Up until this point in time (6th century BC) the Greeks, and many empires before them, explained the events of the world as products of supernatural actions of divine agents. This can be seen in the writings of Homer and Hesiod, two famous Greek poets. With the introduction of rational and natural thought the Milesian Presocratic philosophers, as they were termed, attempted to produce an improved and rationalized theology in place of the anthropomorphic divinities of the Olympian pantheon. But their theology had little to do with religion, and they removed most of the traditional functions from the gods, such as thunder was no longer the growling of a minatory Zeus or that Poseidon created storms. This new Presocratic approach gave no direct credence to traditional lore and furthermore these philosophers simply ignored the kinds of explanations that were imbedded in myths and advanced their own accounts on the basis, not of tradition, but of reasons. Their approach refused to allow any supernatural actions to govern natural processes. This rejection of the supernatural did not make the philosophers atheists, rather it made them subordinate divine action to natural law which was known as Physis. These first philosophers offered reasons for their opinions and gave arguments for their views. For the most part, they were concerned not to advance opinions, but to advance reasoned opinions.

Milesian School

This school of thought is made up of the philosophies of three Presocratic philosophers: Thales, Anaximander, and Anaximenes. These philosophers all hailed from the Greek city state of Miletus and are known as the first philosophers. Their philosophy is what started the Ionian Intellectual Revolution.

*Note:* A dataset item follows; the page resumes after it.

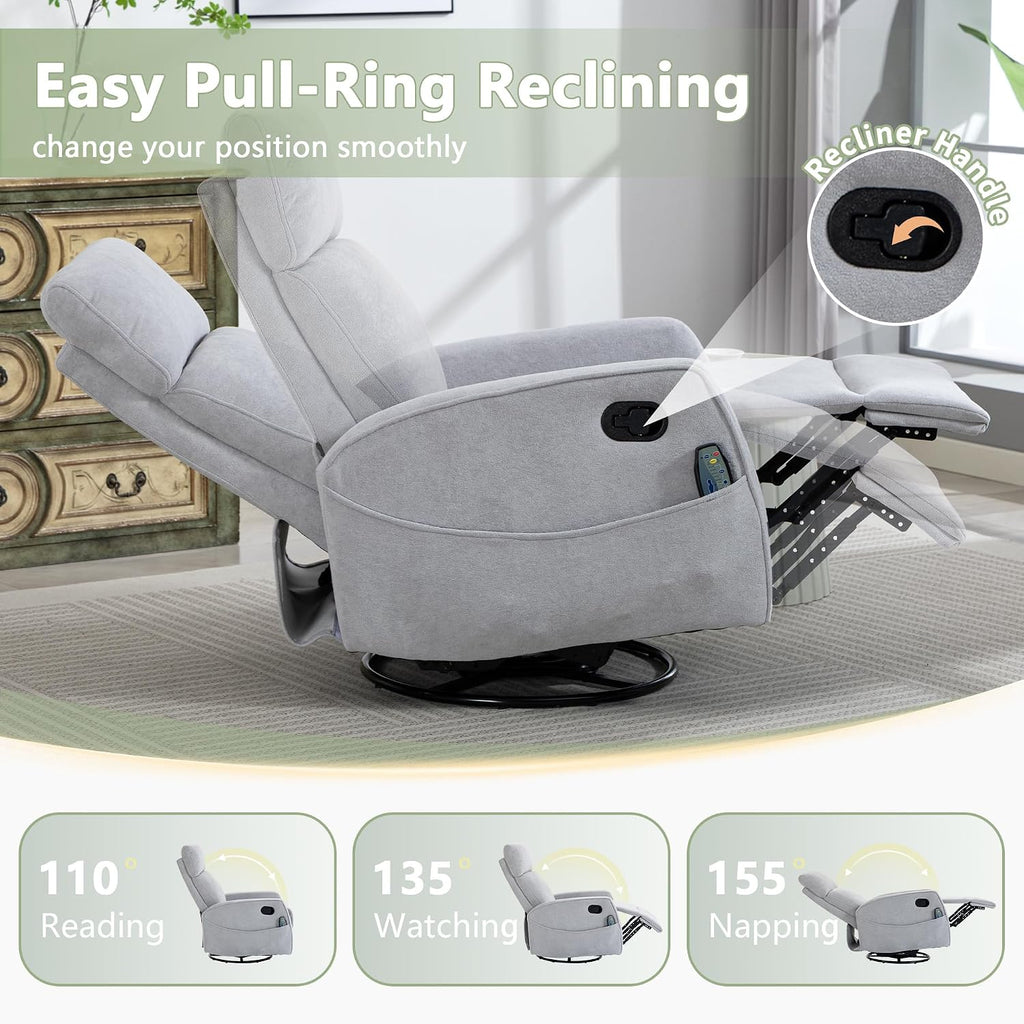 cinkehome Heated Massage Swivel Rocker Recliner Chair for Nursery - Small Space Reclining Chair with Lumbar Support, 360° Swivel & Gentle Rocking, Ergonomic High Back Short Plush Light Grey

Thales (c. 625 BCE – 545 BCE)

According to Aristotle, Thales of Miletus was the “Founder of Natural Philosophy.” Even though he is recognized as the founder of philosophy much of what we know about him and his philosophy is up to debate because he left no writings for which early students of philosophy could rely on. Known as one of the Seven Sages, which was an exclusive club of poets and statesmen, he was the only one who could claim to be a philosopher and scientist. Thales is credited with being a political adviser, philosopher, scientist, mathematician, and engineer. Throughout his life he is alleged to have traveled and studied throughout the Mediterranean in places such as Egypt, Phoenicia, and Babylon which all influenced his philosophy and theories. Thales allegedly founded geometry, although he may have been taught this in Egypt, and also studied the stars. Thales tried to search for the arche, which can be translated to searching for the source for all things. He believed the source for all things (arche) was water. This is based on the notion that somehow all things, and more importantly all living things, originate in water and therefore water is the basic starting-point of everything. The apparent stability of the Earth became one phenomenon for which any self-respecting natural philosopher had to have an explanation, for Thales he believed the Earth rested upon water.

Anaximander (c. 610 BCE – 540 BCE)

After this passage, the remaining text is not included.